Seremoni potong tumpeng menandai pendirian Yayasan Omah Kreatf Center

KBRN, Yogyakarta : Situasi pandemi corona, mempengaruhi kebiasaan orang yang sekarang lebih banyak beraktivitas di rumah dibandingkan sebelum terjadi pandemi.

Dalam mengakses informasi maupun hiburan, mereka sangat tergantung kepada akses internet menggunakan smartphone. Kondisi itu bisa dijadikan peluang bagi Yogyakarta, untuk mengembangkan industri pariwisata dan ekonomi kreatif yang berbasis digital.

Apalagi, kota dengan berbagai julukan ini, memiliki sangat banyak potensi sumber daya manusia (SDM) berkualitas, tidak hanya di bidang film saja, tetapi juga animasi, seni dan desain grafis, kerajinan hingga kuliner.

Pendiri Omah Kreasi Center Yogyakarta, Khoirun Nisa yang juga seorang pengusaha dari Jakarta itu, ingin mengoptimalkan semua potensi tersebut.

”Jogja itu merupakan pusat kebudayaan, pariwisata, pendidikan hingga ekonomi kreatif, lalu tingginya kualitas SDM dimana index pembangunan manusianya nomor dua setelah Jakarta,” ucapnya dalam peresmian Yayasan Omah Kreatif Centre di Yogyakarta, Jumat (23/10/2020).

Dirinya mengaku tertarik untuk mendirikan yayasan ini di Kota Gudeg yang sudah terbentuk komunitas digital. Melalui cara ini, Khoirun Nisa berharap dapat mewujudkan mimpinya, membangun Pusat Studi Kajian Pariwisata dan Ekonomi Kreatif berbasis teknologi informasi.

Apa yang disampaikan pendiri Yayasan Omah Kreatif itu, direspon positif Direktur Pemasaran Badan Otorita Borobudur, Agus Rochiyardi yang sekaligus berharap, upaya tersebut bisa menumbuhkan perekonomian ketika terjadi krisis pandemi.
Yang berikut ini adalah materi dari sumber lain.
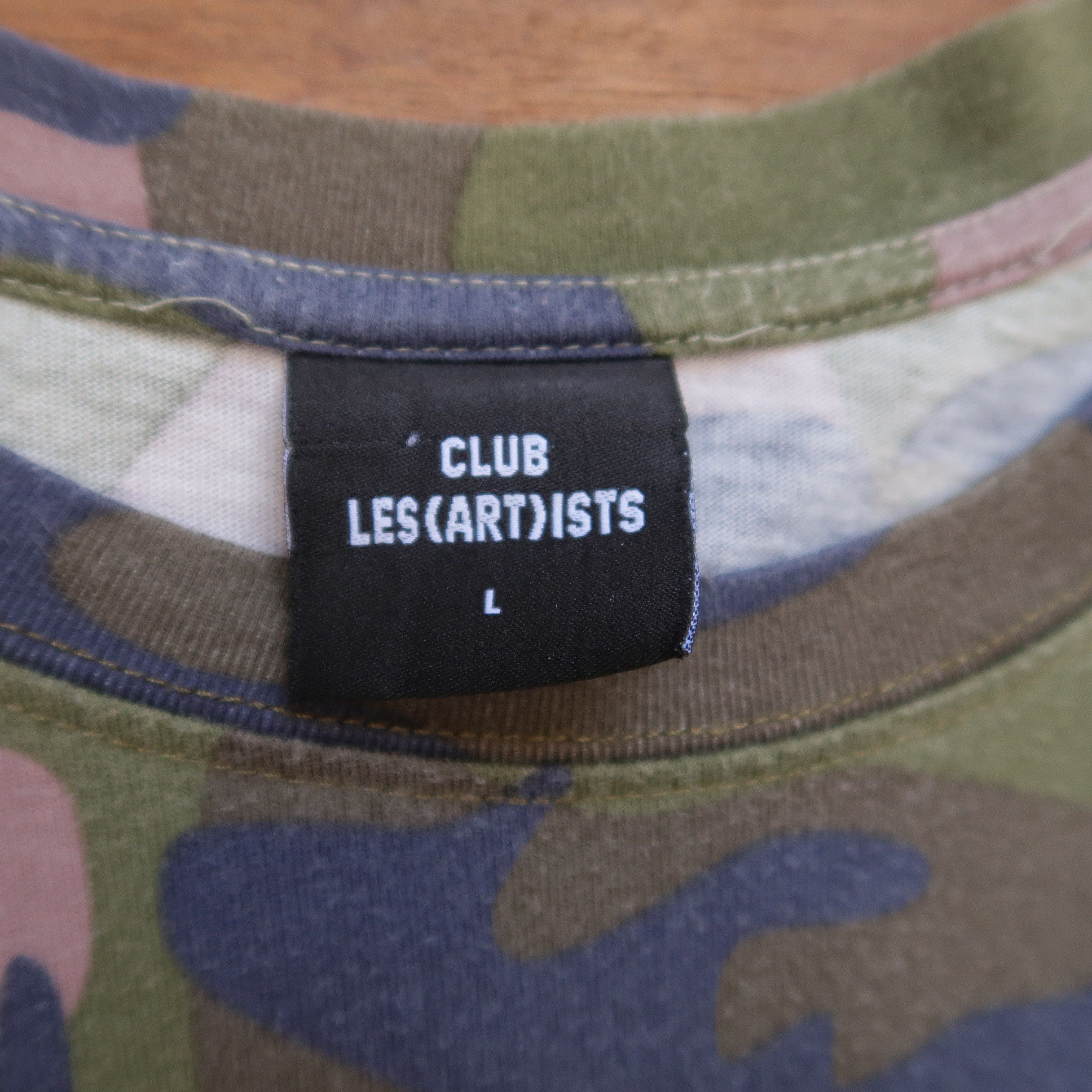 Japanese Brand Les Artists Travis 92 Graphic T-shirt Men Large Camo Size US L / EU 52-54 / 3 - 4 Thumbnail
Dan ia pun menganggap, langkah ini sangat pas untuk kondisi sekarang, apalagi selama ini, Indonesia belum bisa mengoptimalkan kunjungan wisatawan mancanegara.
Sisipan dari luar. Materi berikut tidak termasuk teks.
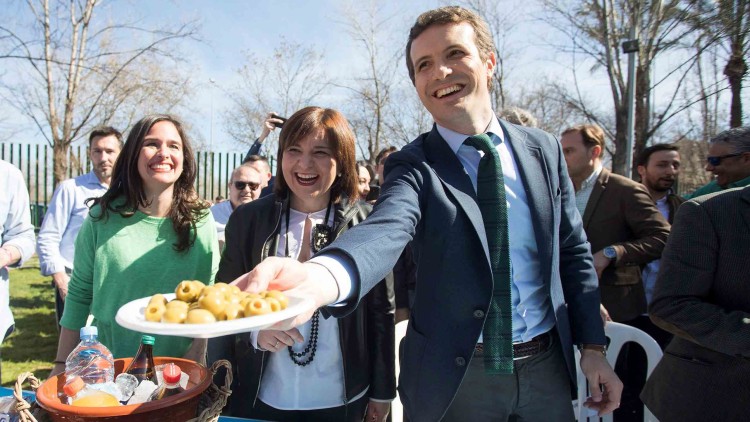 Bonig i Casado, el passat 8 de març en una acte de partit a Castelló. EFE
”Pangsa pasar wisatawan asing satu setengah milyar orang, sayangnya Indonesia itu baru kedatangan 16 juta wisman, artinya kita itu baru ikut makan kue sebesar satu persen saja,” ucap dia.
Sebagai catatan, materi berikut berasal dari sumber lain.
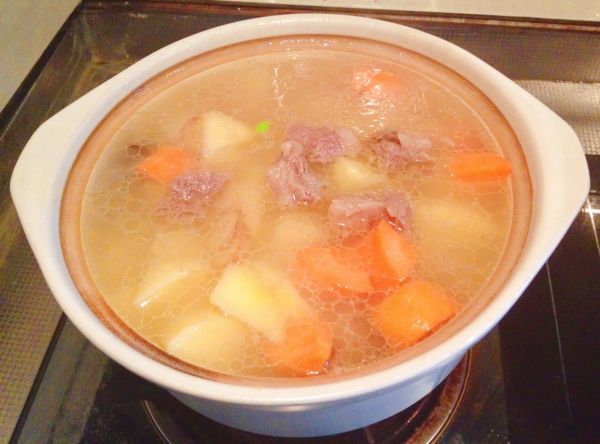 土豆胡萝卜炖牛腩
Pihak Kominfo siap memfasilitasi infrastruktur yang diperlukan, agar pemanfaatan teknologi digital di Indonesia pada umumnya dan Yogyakarta pada khususnya, bisa berlangsung masif.

”Apalagi yayasan ini memiliki misi memberdayakan orang-orang kreatif,” ungkap Direktur Informasi dan Komunikasi Politik, Hukum dan Keamanan, Kementerian Komunikasi dan Informatika, Bambang Gunawan.

Yang Kuat Bertahan

Sebagian masyarakat yang menghabiskan waktu di rumah selama masa pandemi, baik yang bekerja maupun belajar, sangat gemar mengakses aplikasi dan permainan game di smartphone mereka.

Sekretaris Deputi Bidang Ekonomi Digital dan Produk Kreatif, Badan Pariwisata dan Ekonomi Kreatif, Yuke Sri Rahayu memandang, kedua sektor industri kreatif itu, terbukti mampu  bertahan, saat krisis pandemi corona menyebabkan sektor industri lainnya terpuruk.

Sehingga cukup logis, jika peluang bisnis dua sektor industri kreatif di atas, sangat menjanjikan bagi yang menekuni.

”Karena eranya new normal ini segala aktivitas kan dilakukan di rumah, yang perlu kita sosialisasikan agar pelaku usahanya bangkit, transformasi digital dan terapkan protokol kesehatan dalam usahanya,” terangnya.

Selain itu, Yuke juga menyebut tiga hal kunci, agar pelaku ekonomi kreatif tetap bisa berkembang, antara lain konsistensi, inovasi dan kreasi.

Untuk itu, Badan Pariwisata dan Ekonomi Kreatif telah membuat kelas daring, diikuti pelaku ekonomi kreatif di 17 sektor yang ada. (ws/yyw).